Understanding climate-driven shifts in habitat helps predict impacts on landings

The study translates environmental shifts into possible impacts on fishing communities and coastal economies. Sardines have historically gone through “boom and bust” changes in their population. Their numbers off the West Coast have remained low in recent years, with the West Coast sardine fishery closed since 2015. This research does not project changes in the abundance of sardines. Instead, it shows that climate-driven shifts in their habitat may have a significant impact on landings at historically important ports.

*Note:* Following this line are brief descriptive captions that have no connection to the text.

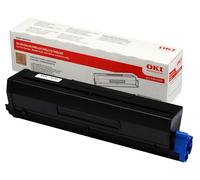 OKI 43979202 toner originale nero originale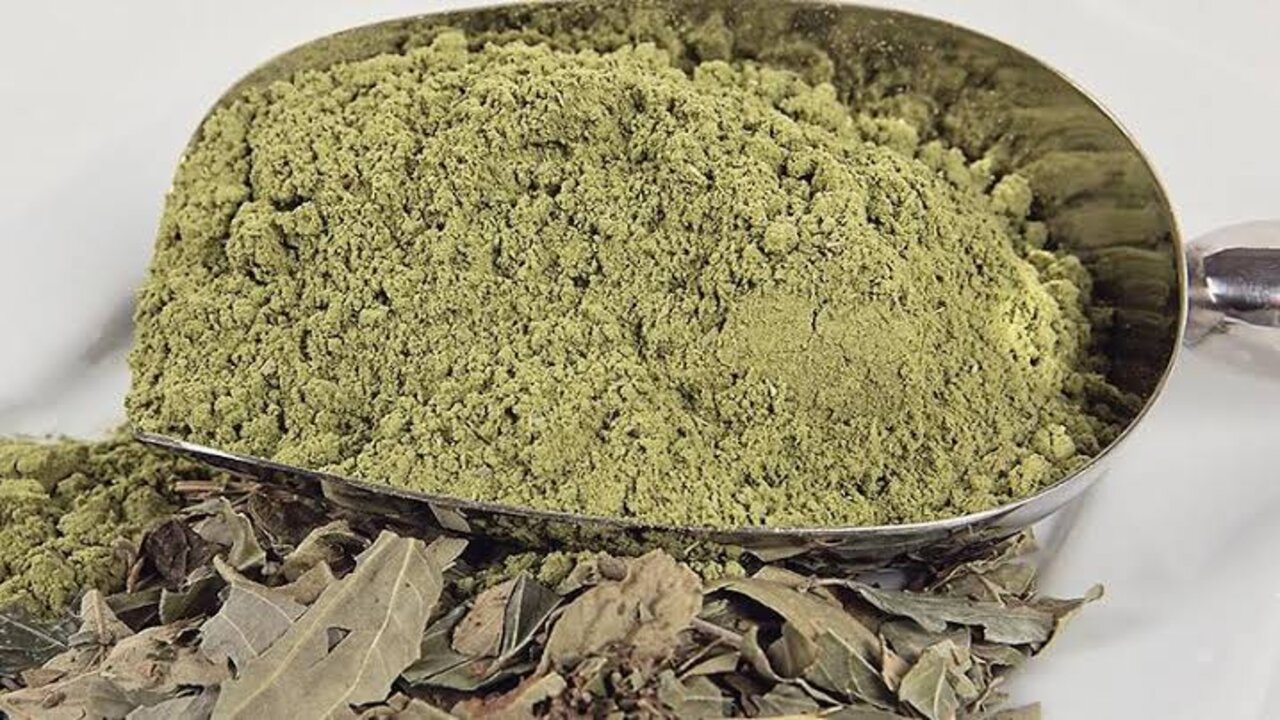 عشبة طبيعية مفعولها كالسحر عند تحضيرها بتلك الطريقة الرائعة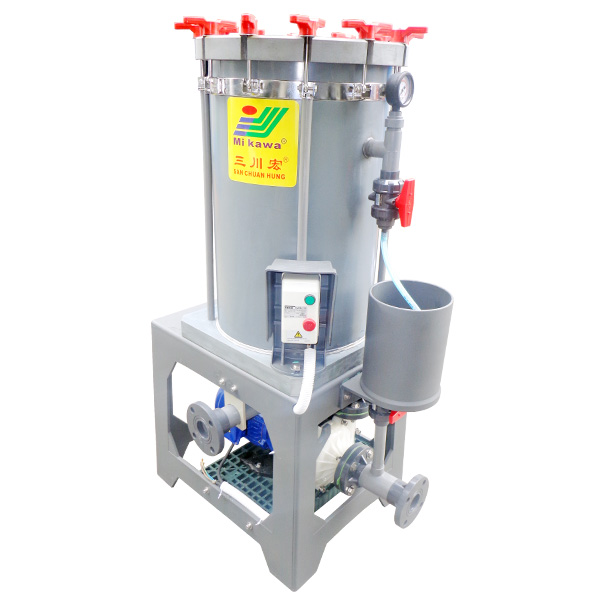 鉻酸過濾機-CB系列04-18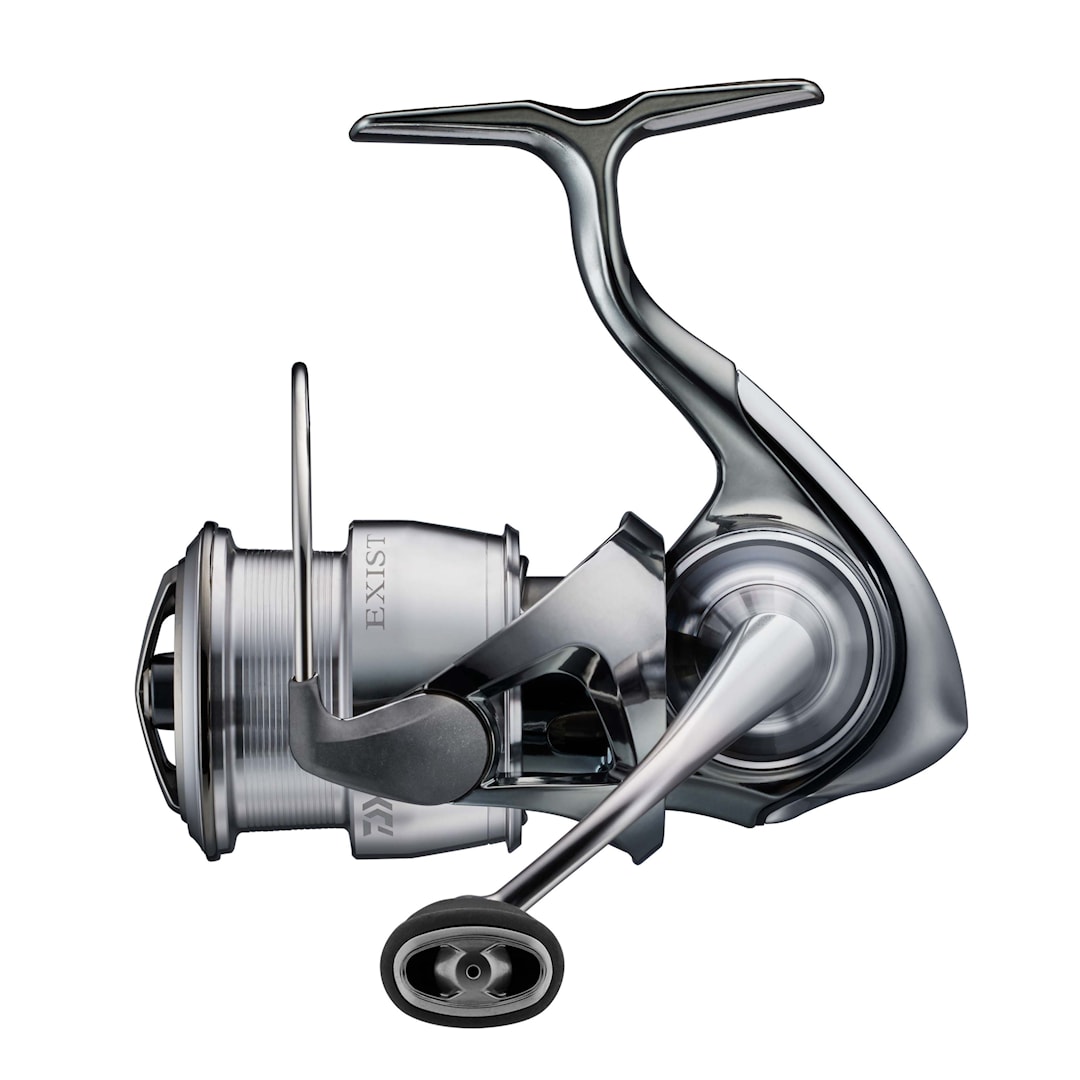 Daiwa 22 Exist LT haspelrulle 2500D G - Daiwa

“As the marine environment changes, so too will the distribution of marine species,” said James Smith, a research scientist with the University of Santa Cruz affiliated with NOAA Fisheries’ Southwest Fisheries Science Center. “But linking future changes in the distribution of species with impacts on the fishing fleet has been challenging. Hopefully our study can provide information about potential impacts in coming decades, and thereby inform strategies to mitigate these impacts.”

Maps illustrate projections of how sardine habitat off the West Coast will shift as climate change warms the ocean. Blue shading illustrates where habitat will improve for sardines over coming decades, while red shows where habitat will grow worse. Credit: Fisheries Oceanography.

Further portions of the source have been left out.